Im letztgenannten Fall ist eine bestimmte Angabe der Sache nicht erforderlich, wenn sich aus den Verfahrensergebnissen Indizien für das Vorhandensein eines weiteren Vermögenswerts ergeben haben und das Verfahren insofern mangelhaft geblieben ist. Hier kann der Antrag zwar zunächst bloß auf die Vornahme weiterer Erhebungen gerichtet sein; er hat aber auch in diesem Fall bestimmt anzugeben, aufgrund welcher Verfahrensergebnisse das Vorhandensein welchen weiteren Vermögens anzunehmen ist. Ein Antrag auf Beischaffen von Überweisungsbelegen wird daher regelmäßig nur dann Erfolg haben, wenn besondere Indizien dafür vorliegen, dass Auszahlungen auf ein weiteres, bisher unbekanntes Konto des Erblassers erfolgten (2 Ob 183/15y); reine Erkundungsbeweise sind in diesem Zusammenhang nicht aufzunehmen. Von vornherein unerheblich für das Inventar sind Schenkungen, die der Erblasser schon zu Lebzeiten an Pflichtteilsberechtigte oder Dritte gemacht hatte. Auf die Ermittlung solcher Schenkungen gerichtete Anträge haben daher keine Grundlage in § 166 Abs 2 AußStrG.

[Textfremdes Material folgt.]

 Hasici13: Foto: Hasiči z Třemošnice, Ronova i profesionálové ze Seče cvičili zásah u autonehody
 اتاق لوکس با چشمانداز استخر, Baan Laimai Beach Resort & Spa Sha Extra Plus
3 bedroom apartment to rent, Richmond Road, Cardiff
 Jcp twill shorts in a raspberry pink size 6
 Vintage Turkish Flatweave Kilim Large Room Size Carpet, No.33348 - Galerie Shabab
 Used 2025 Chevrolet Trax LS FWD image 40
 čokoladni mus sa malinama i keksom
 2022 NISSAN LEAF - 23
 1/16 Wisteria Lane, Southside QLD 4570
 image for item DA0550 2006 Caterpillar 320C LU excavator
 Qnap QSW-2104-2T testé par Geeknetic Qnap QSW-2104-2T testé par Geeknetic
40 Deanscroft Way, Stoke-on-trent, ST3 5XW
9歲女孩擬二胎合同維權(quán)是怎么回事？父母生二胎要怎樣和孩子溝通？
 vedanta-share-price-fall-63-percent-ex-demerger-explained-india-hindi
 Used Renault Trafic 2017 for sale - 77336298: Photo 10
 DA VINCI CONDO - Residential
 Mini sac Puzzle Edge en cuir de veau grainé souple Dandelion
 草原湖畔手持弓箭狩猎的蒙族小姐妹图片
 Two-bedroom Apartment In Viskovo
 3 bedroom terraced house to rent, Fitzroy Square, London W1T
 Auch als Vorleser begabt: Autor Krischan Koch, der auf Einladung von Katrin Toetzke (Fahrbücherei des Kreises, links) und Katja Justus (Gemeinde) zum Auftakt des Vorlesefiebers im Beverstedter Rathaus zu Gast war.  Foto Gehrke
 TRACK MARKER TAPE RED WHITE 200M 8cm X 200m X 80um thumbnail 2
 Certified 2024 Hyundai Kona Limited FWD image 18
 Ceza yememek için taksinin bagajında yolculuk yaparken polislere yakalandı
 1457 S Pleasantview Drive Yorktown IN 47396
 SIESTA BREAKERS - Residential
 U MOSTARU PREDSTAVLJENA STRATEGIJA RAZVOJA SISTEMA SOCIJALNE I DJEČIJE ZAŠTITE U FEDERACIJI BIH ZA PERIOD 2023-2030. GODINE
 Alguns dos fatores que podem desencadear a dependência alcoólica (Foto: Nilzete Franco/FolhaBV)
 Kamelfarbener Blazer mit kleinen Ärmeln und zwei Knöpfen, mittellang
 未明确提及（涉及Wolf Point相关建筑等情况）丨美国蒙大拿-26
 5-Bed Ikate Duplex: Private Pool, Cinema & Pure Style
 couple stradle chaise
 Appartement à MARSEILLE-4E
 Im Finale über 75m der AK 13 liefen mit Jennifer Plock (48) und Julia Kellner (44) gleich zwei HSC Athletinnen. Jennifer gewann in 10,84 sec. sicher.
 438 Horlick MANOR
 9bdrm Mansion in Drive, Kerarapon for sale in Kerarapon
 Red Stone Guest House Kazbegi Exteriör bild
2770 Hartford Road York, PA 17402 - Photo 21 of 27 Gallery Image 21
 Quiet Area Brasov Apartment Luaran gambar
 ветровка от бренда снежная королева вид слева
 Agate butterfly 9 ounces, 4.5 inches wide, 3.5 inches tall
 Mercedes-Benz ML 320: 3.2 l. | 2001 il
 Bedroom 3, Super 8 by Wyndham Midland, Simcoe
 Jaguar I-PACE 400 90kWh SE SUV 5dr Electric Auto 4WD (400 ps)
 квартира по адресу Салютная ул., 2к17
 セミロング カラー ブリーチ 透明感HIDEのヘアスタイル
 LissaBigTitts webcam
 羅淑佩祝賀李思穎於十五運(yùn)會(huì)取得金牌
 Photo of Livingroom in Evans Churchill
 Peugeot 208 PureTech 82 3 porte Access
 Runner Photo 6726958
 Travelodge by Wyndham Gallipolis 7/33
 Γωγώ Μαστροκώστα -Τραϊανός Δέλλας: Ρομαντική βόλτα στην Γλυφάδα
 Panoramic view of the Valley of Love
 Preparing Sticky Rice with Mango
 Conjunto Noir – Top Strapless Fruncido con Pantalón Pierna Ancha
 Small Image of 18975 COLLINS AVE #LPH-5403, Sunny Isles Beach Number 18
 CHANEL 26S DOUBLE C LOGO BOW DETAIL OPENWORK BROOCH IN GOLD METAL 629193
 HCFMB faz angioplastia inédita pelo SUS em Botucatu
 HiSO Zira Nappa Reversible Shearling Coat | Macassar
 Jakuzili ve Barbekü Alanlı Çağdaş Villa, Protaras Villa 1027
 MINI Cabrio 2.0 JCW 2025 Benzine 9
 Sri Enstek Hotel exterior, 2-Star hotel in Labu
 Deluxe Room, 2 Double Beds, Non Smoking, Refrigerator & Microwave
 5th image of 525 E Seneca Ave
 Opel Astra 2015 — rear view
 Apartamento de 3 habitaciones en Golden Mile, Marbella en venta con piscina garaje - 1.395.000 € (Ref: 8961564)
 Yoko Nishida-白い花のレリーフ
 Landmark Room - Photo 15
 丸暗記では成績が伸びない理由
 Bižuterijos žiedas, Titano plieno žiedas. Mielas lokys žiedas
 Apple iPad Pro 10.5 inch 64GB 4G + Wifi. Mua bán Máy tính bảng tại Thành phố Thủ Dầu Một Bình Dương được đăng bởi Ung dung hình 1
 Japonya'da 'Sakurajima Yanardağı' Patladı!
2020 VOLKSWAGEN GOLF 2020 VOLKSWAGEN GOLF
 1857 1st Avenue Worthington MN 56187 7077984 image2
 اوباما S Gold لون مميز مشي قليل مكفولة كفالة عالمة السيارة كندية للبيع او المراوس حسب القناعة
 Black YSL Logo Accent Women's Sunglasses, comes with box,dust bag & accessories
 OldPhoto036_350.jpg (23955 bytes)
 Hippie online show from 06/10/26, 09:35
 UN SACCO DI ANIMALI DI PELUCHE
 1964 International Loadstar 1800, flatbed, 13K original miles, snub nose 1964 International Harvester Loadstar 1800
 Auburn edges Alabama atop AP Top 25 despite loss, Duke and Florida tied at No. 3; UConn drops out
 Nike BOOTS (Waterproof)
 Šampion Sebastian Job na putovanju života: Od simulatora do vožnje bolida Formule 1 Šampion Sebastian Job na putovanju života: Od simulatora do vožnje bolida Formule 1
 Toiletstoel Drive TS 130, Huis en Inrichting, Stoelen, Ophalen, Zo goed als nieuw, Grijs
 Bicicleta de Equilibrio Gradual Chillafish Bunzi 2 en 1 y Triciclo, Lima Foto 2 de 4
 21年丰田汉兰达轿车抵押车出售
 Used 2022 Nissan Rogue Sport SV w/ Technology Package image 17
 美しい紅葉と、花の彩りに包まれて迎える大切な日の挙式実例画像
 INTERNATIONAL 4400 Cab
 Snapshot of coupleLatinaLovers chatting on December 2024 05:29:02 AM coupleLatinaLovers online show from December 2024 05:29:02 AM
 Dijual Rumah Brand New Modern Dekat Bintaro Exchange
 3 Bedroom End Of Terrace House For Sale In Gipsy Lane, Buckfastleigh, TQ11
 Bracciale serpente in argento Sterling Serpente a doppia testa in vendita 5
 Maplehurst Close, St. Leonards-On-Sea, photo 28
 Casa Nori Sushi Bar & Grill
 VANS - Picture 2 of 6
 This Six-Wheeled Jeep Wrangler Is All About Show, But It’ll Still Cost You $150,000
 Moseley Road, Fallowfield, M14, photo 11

(b) Andererseits kann eine Partei bei formalen Mängeln des Inventars einen Abhilfeantrag nach § 7a GKG stellen. Davon sind Fälle substanzloser Dürftigkeit, fehlender Nachvollziehbarkeit oder missachteter Rahmenbedingungen für die Bewertung erfasst (2 Ob 23/16w). Die gerichtliche Überprüfung einer Bewertung kann mit einem solchen Antrag keinesfalls herbeigeführt werden (2 Ob 55/15z). Sollte ausnahmsweise ein weiterer Schritt des Verlassverfahrens vom Wert des Nachlasses oder einzelner Nachlassgegenstände abhängen – etwa im Fall einer Nachlassseparation oder beim Erfordernis einer Sicherstellung nach § 176 Abs 2 AußStrG (vgl dazu Mondel, Glosse zu 2 Ob 23/16w iFamZ 2016/232) – wäre die Bewertung Vorfrage des insofern ergehenden Beschlusses (allenfalls auch des Einantwortungsbeschlusses); sie könnte daher aus Anlass von dessen Bekämpfung überprüft werden.

4. Diese Erwägungen führen hier zur Bestätigung der angefochtenen Entscheidung. Denn das Erstgericht hatte über Anträge entschieden, die vor Errichtung des Inventars gestellt wurden. Sein Beschluss hatte schon aus diesem Grund nur verfahrensleitenden Charakter und war daher nicht anfechtbar. Der Revisionsrekurs des Rechtsmittelwerbers muss daher scheitern.

5. Die dieser Entscheidung zugrunde liegenden Erwägungen können wie folgt zusammengefasst werden:

Beschlüsse, die im Verfahren zur Errichtung des Inventars gefasst werden, haben grundsätzlich verfahrensleitenden Charakter und sind daher nicht selbständig anfechtbar. Ihre Richtigkeit kann in gewissen Fällen mittelbar dadurch überprüft werden, dass eine Partei nach Errichtung des Inventars einen Antrag nach § 166 Abs 2 AußStrG oder einen auf formale Mängel des Inventars (Substanzlosigkeit, fehlende Nachvollziehbarkeit, Missachtung der Rahmenbedingungen für die Bewertung) gestützten Antrag nach § 7a GKG stellt. Über solche Anträge ergehende Beschlüsse sind nach den allgemeinen Grundsätzen anfechtbar.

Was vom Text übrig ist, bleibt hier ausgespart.